THE JOKES PAGE


After an incident in Croydon involving a prison van and a concrete mixer, police are looking for 18 hardened criminals - The Two Ronnies


Wife to friend: "That new water bed ruined our marriage - we just drifted apart"


Sign outside pharmacy: "Here we dispense with accuracy"


Husband to wife: "I'm just off to the pub - pop your coat on"
Wife: "Oh, great - are you taking me with you"
Husband: "No, I'm turning the heating off to save on the heating bill"


She: "I'm getting a part-time job as a litter collector"
He: "Do they give you any training?"
She: "No, it seems you just pick it up as you go along."


A man went to the Jewish doctor - after a full examination the doctor said "You're very ill, my boy - I'll give you six months to live. (My fee is $100)". The man said "Oh dear and I'll never get the money to pay you". "Suppose I give you twelve months?" replied the doctor.

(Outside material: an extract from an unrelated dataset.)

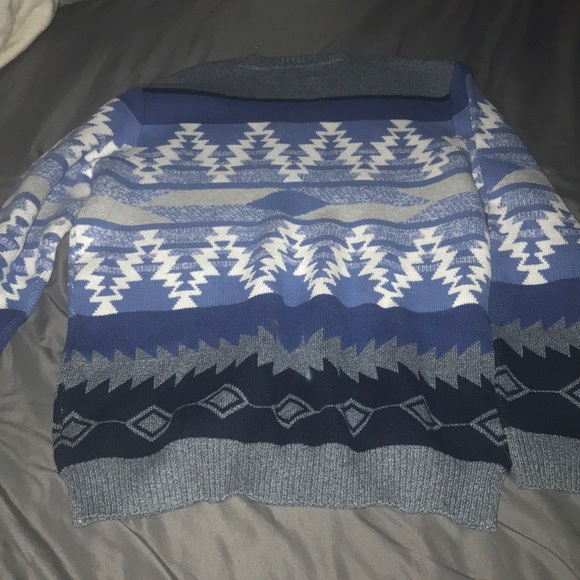 American rag sweater new w/out tags - Picture 5 of 6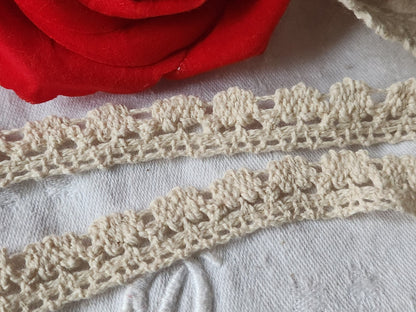 Dentelle  vintage écru beige  coton 5 métres sur 1,5 cm A3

A cabbie picks up a nun. she gets into the taxi and the cabbie won't stop staring at her, so she asks what the matter is. The cabbie says: "It's a bit embarrassing, but I have always had a fantasy to kiss a nun." The nun says: "I'll kiss you, if you are single and a Catholic." The cabbie says he is, and pulls over; the nun gives him a kiss that would make a hooker blush. Afterwards the cabbuie tells her: "I have a confession to make, I'm married, and I'm actually Jewish." To which the nun replies;"I've got a confession too - my name's actually Stanley and I'm on my way to a fancy dress party." (12Oct2015)


Notice on butcher's window: "Apology to customers: The new apprentice backed onto the mincer this morning, so we are getting a little behind with our orders."


Client to hairdresser: "Can you do a miracle?" - Hairdresser: "Darling, I'm not a real fairy."


Did you hear the one about the director of an Origami School - yes, you've guessed it - his business has folded.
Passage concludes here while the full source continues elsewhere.